= Lawyers for Climate Action NZ =

Legal lobby group in New Zealand

Lawyers for Climate Action NZ Inc (LCANZI, also known as LCANZ) is a climate advocacy group that has been active since 2019. A non-profit, it includes over 300 lawyers, solicitors, and academics. LCANZI was created to encourage New Zealand to take more ambitious actions to meet its Paris Agreement commitments.

LCANZI has advocated for New Zealand's law and actions to be consistent with its stated commitments under the Paris Agreement, Te Tiriti o Waitangi principles, and requirements under recent climate regulation such as the Climate Change Response (Zero Carbon) Amendment Act. Activities undertaken by the group have included climate change litigation, consultation, submissions, and pro-bono legal advice.

LCANZI held its first AGM in June 2019 and elected Jenny Cooper as president. As of 2023, LCANZI's current President is Bronwyn Carruthers. Membership has been open to all people who hold a law degree, however students and non-lawyers have also been able to join as associates.

== Notable cases ==
=== Lawyers for Climate Action v. Firstgas Group ===
In 2021, LCANZI filed a complaint with the New Zealand Advertising Standards Authority against an advertising campaign by First Gas. LCANZI argued that the First Gas advertisements amounted to greenwashing, due to factual inaccuracies and encouragement of complacency instead of action to address climate change. This claim was partially upheld by the New Zealand Advertising Standards board, which ordered First Gas to remove the advertisements.

=== Lawyers for Climate Action v. Climate Change Commission ===
In another notable case in 2021, LCANZI filed a judicial review of the New Zealand Climate Change Commission’s recommendations to the New Zealand Government. This case questioned the Climate Change Commission's carbon calculations and accounting that informed the recommendations for the government's amendment of New Zealand's nationally determined contribution for 2021 to 2030. LCANZI advocated for more transparent recommendations that clearly advocated for domestic emission reductions and contributed to New Zealand's global commitments towards a 1.5°C pathway.

The case was unsuccessful with the High Court ruling that the Zero Carbon Act did not require meeting the 1.5°C global pathway in order to contribute to global commitments towards this aim. Justice Jill Mallon stated that other factors—such as economic impacts—are also important to the Climate Change Commission's recommendations. The Climate Change Commission described defending itself as a non-beneficial use of time and resources for the New Zealand public, and, unsuccessfully, sought for LCANZI to pay for its costs. LCANZI has said it will appeal the Climate Commission case through the court of appeal.

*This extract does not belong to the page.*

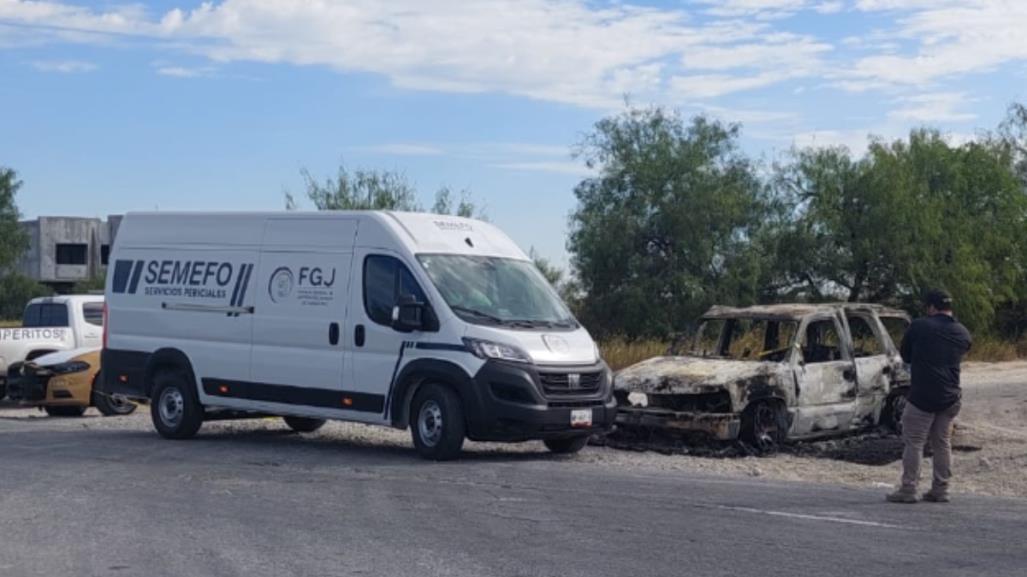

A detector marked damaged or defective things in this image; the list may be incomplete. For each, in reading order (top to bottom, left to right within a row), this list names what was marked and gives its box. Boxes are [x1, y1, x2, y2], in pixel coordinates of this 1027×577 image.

=== Lawyers for Climate Action v. Climate Change Minister ===
In March 2026, Lawyers for Climate Action along with the Environmental Law Initiative brought a case against Minister for Climate Change Simon Watts to the high court. Their case argued that the government's plan to tackle climate change is inherently risky, and that dismantling dozens of climate policies without consulting the public was unlawful. The two groups have shared concerns that New Zealand may not reach its 2030 climate targets, especially the methane target, based on the revised policies.

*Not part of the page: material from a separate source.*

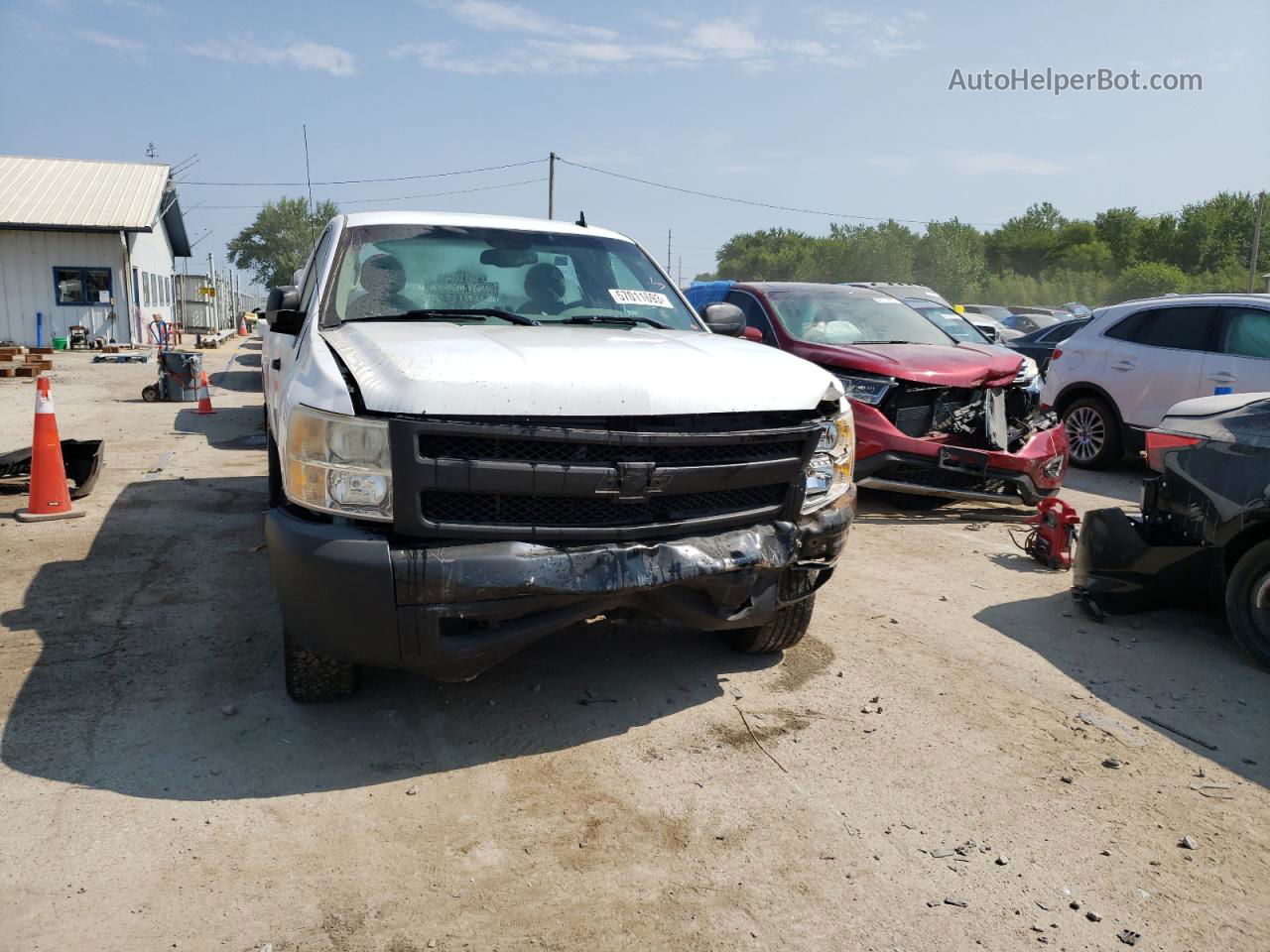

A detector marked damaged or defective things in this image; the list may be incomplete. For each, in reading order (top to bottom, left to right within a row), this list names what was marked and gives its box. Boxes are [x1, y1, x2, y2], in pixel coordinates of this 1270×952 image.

== Change litigation in New Zealand ==
While achieving success internationally, climate change ligation has not yet achieved significant rulings in New Zealand. Instead, recent court rulings have stressed the need for further regulation from policy makers before issues can be addressed in the courts.

Courts have also highlighted the costs of private litigation as a barrier for using this method to achieve timely and efficient action on climate change. High costs have also affected LCANZI, which describes itself as a small volunteer-based organisation funded by membership rates.

While environmental litigation cases often fall under public interest in New Zealand—therefore not receiving costs if court cases are lost—public interest status is not guaranteed. In discussing LCANZI, David Bullock, the author of a book on cost recovery cases in New Zealand, said that high costs against public interest groups could have a chilling effect on further environmental litigation.